In unsupervised settings, to make the problem tractable the motion-saliency constraint is enforced. Many methods try to capture motion information across the multiple frames, mostly by constructing the long sparse point trajectories  [2, 11, 30, 38]. Salient object segmentation is then reduced to clustering these trajectories [19] and converting into dense points [29]. Among the other early approaches, few approaches  [21, 22, 25, 54, 32] extract object proposals  [8] and try to build the connection between the proposals temporally. These trajectories based methods are not robust because they heavily rely on feature matching, that may fail due to occlusion, fast motion, dynamic background, and appearance change.

Recently Deep Learning based methods have been used to solve the video segmentation problem. Broadly these techniques have three components, network to capture the motion information and network to extract appearance and enforce object boundaries; the third component is temporal memory so that decision made at one frame is propagated to others 

[41, 42, 17, 6, 40]. Among all these approaches, Mp-Net [41] and LVO [42] are very close to our method. Mp-Net constructs an encoder/decoder based network to segment the optical flow into the salient and non-salient one. Encoder/decoder network is trained on large synthetic dataset [27] and then fine-tuned on DAVIS [31]. Since motion information they learn is not sufficient, they rely on the objectness score [33] to clean their results. LVO [42], builds on Mp-Net, using bi-directional ConvGRU to propagate the information across the other frames. Their results improve drastically (LSMO [43]) by just using a better optical flow estimation and appearance model (DeepLabv2 instead of Deep Lab v1). MotAdapt [39] used the teacher-student learning paradigm, where the teacher provides pseudo labels using the optical flow and image as input.

AGS [48] explore the concepts of video saliency or dynamic fixation prediction, with an argument that UVOS (unsupervised video object segmentation) is closely related to Video Saliency [46]. Authors trained a visual attention module on the dynamic fixation data, collected by tracking eyes of viewers watching videos. Unlike AGS which required the data gathered by tracking the gaze of viewers, we try to model the concept of motion-saliency by exploiting the information (geometric constraints) inside the video itself and do not require extra data.

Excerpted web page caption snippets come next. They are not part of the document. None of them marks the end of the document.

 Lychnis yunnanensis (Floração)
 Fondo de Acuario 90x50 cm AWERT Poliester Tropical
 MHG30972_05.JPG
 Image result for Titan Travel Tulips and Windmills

An early method by Torr [44], Sheikh et. al. [37], and Tron and Vidal [45], try to exploit motion models. [37], and [45] exploited trajectory information to separate out the foreground and background objects. Many recent methods [20, 18, 15]

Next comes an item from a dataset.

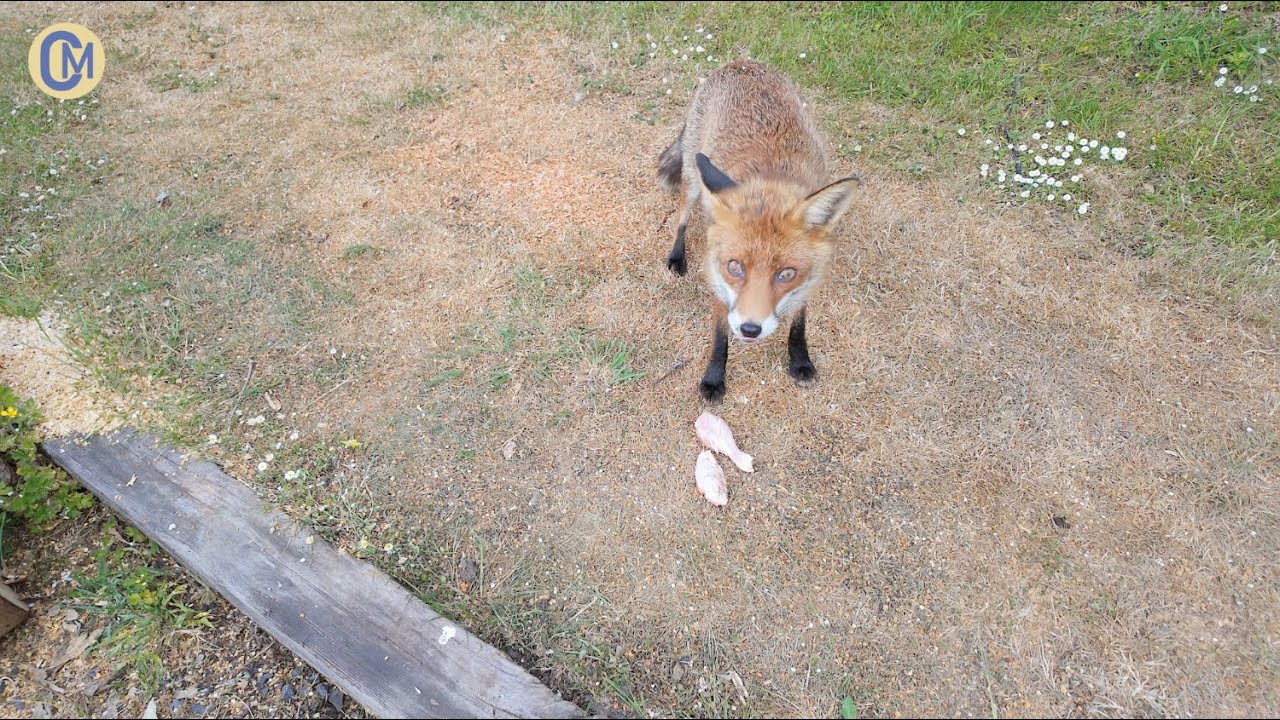 How many chicken wings in 2 minutes 🦊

have relied on the previous trajectory-based segmentation work, using the deep features for image saliency and optical flow for motion saliency to construct a neighbourhood graph.

[36] used optical flow-based point trajectories to propagate the user input scribbles. [47]

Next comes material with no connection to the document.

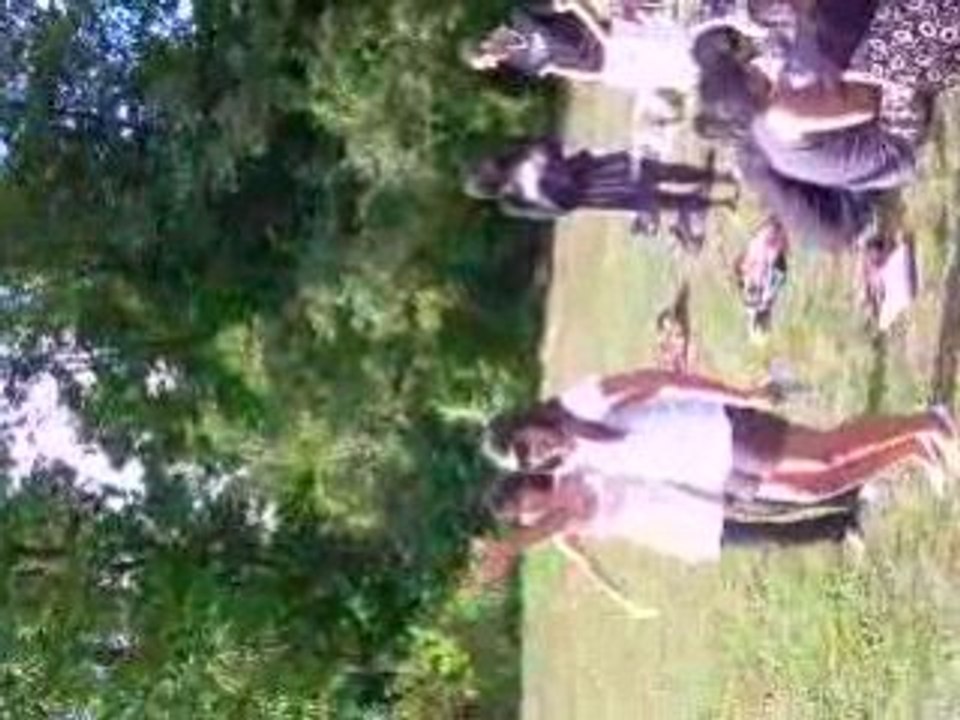 BARBECUE CLIP AU PARC DE NOISIEL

clusters neighbouring trajectories to create super-trajectories, which along with mask of the first frame is used for the video segmentation. However, they have not exploited the geometry-based constraints, rather relying on the heuristics and complex pipelines.

Our work relies on all three techniques. We use optical flow to build trajectories and geometry-based technique to penalize the trajectories not following the geometric constraint. To make our deep learning models robust we design input-Dropout technique for training. To the best of our knowledge, our approach is the first one that tries to combine CNNs and geometrical constraints for video object segmentation.

3 Epipolar Constraints on Dense Trajectories

Figure 2: An illustration of multitview geometric constraints on rigid points. A 3D rigid line (red) is viewed by a moving camera at different times. Back-projecting their 2D projections should meet at the actual line. In contrast, the 2D projections of a 3D nonrigid point (orange) are not constrained to lie on any 2D lines. This relationship can be captured by finding trifocal tensors and the corresponding fundamental matrices. In contrast to rigid points, the nonrigid point may not lie on the corresponding epipolar lines and their epipolar distances can be used as a measure of nonrigidity.

Existing methods for salient motion segmentation, use appearance and optical flow based features to distinguish foreground from background. These features are not geometry inspired, learned from the data and alone do not provide enough constraints for the rigid background. We propose geometry inspired features and leverage them in a learning pipeline. We use trifocal tensors to constraint the rigid background in the video and propose epipolar distances for the dense trajectories as a measure of nonrigidity (See Fig. 2).

We first find forward and backward optical flow of frames, each of height and width , using [4] and then convert it into dense trajectories covering every pixel in the video. Each trajectory, , where , is an vector of 2D image coordinates and may consists of missing values due to pixels’ occlusion. , because for every occlusion new pixels appear. We use forward and backward optical flow consistency to find occluding regions. We stack all the trajectories into a sparse matrix, .

Figure 3: An illustration of exploiting the complete trajectories to find epipolar distances. Part of the bear remains static in this frame and the previous frame, giving small epipolar distance, shown in the middle. Since trajectories aggregate these distances over their full time-span, the trajectory-based epipolar distances are still high for almost the complete bear.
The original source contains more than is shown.